Informed consent was obtained. All patients agreed to undergo eFTR, accepted peri-procedural risks and allowed coded data to be collected for research purposes. Patients undergoing eFTR for a suspected T1 colorectal carcinoma (T1 CRC) or resection of scar tissue from a low-risk T1 CRC were extensively informed about the possibility of existing and remaining lymph node metastases (± 5 %) and this was balanced against the risk of undergoing an oncologic resection.
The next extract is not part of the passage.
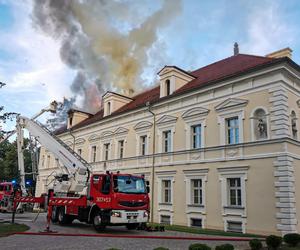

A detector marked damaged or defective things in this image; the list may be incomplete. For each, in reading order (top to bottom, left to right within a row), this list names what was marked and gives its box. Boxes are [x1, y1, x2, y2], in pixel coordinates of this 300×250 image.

burnt roof section [55, 53, 298, 135]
To reach consensus on eFTR indication, all patients with benign or T1 CRC lesions were discussed within our gastroenterology department or multidisciplinary oncology meeting respectively. Tumors were classified as T1 according to the TNM-staging system (tumor invades submucosa, but not muscularis propria). All cases with suspected or confirmed T1 CRC underwent standard dissemination work-up for colorectal cancer, in compliance with current national guidelines. In all patients other available endoscopic resection techniques were deemed insufficient. Cases in which eFTR did not seem feasible (e. g. because of a large lesion or suspected T-stage > T1) were not included in the database. T1 CRC was treated with eFTR either because of suspected low-risk T1 based on endoscopic features as described by Vleugels et al [9] (treatment-naïve) or because of a low-risk T1 based on earlier pathologic findings after initial polypectomy (no lymphovascular invasion, good/moderate differentiation grade, invasion restricted to submucosa) in which only the criterion of a > 1 mm tumor-free resection margin was not met (T1 scar). Depth of submucosal invasion was not evaluated in most T1 CRC cases and therefore not analyzed. The category of non-lifting adenomas was subdivided in incomplete resected lesions after use of techniques other than eFTR (primary non-lifting), treatment-naïve lesions not suitable for techniques other than eFTR (primary non-lifting) and recurrent lesions identified upon surveillance endoscopy not suitable for techniques other than eFTR (secondary non-lifting). Small neuroendocrine tumors were resected by eFTR if low-grade and small in accordance with national guidelines.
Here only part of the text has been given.